D’emblée, il importe de souligner l’implication des agents et des organes de l’Etat dans l’arrestation et la disparition de Monsieur Rémy MATABURA : il a été arrêté par des policiers à bord d’un véhicule du SNR. L’administrateur communal de Mugamba, Anicet NIYONZIMA, est particulièrement impliqué dans cette affaire du fait de ses liens avec les miliciens Imbonerakure du CNDD-FDD dont le nommé MAHEKE.

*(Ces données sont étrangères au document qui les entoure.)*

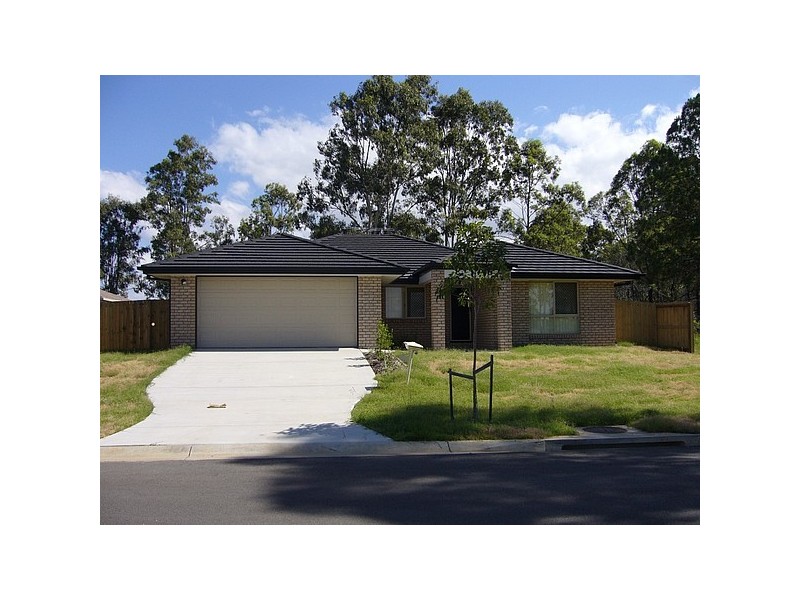 2 Renmark Crescent, Caboolture South QLD 4510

  Face à cette situation, le FOCODE :

  1. Condamne sans réserves les enlèvements, arrestations illégales et arbitraires des citoyens du Burundi opérés par des forces de l’ordre en connivence avec les miliciens Imbonerakure et qui sont suivis par des détentions dans des lieux secrets non communiqués ni par des déclarations publiques ni aux membres des familles des détenus ;
  2. Condamne l’inaction complice de l’administration provinciale et du ministère public après avoir été informés de la disparition de Monsieur Rémy MATABURA ;
  3. Exige la dissolution pure et simple de la milice Imbonerakure du CNDD-FDD et la traduction en justice de ceux qui sont accusés de crimes et plus particulièrement le nommé MAHEKE pour son rôle joué et assumé dans la disparition de Rémy MATABURA ;
  4. Demande :
  • Aux autorités du Burundi de fermer tous les cachots non officiels et de communiquer régulièrement aux familles les lieux d’incarcération des personnes arrêtées ;
  • Aux mécanismes des Nations Unies travaillant sur les disparitions forcées de se saisir sans délais du dossier du Burundi vue la dimension catastrophique du phénomène ;
  • Aux Nations-Unies, à l’Union Africaine et à l’EAC d’envoyer rapidement au Burundi une commission internationale d’enquête sur les violations graves de droits de l’homme (y compris les disparitions forcées, les cas de viol et de torture ainsi que les exécutions extra-judiciaires) et une force de protection des citoyens ;
  1. Invite tous les résidents du Burundi et particulièrement les familles à lui communiquer les cas de disparitions des personnes arrêtées par des agents de l’Etat ou des groupes ayant des liens avec l’Etat ou encore des groupes armés. Ces informations seront envoyées à l’adresse email : [email protected] et au numéro WhatsApp : +257 79 910 446 utilisé par le Président du FOCODE.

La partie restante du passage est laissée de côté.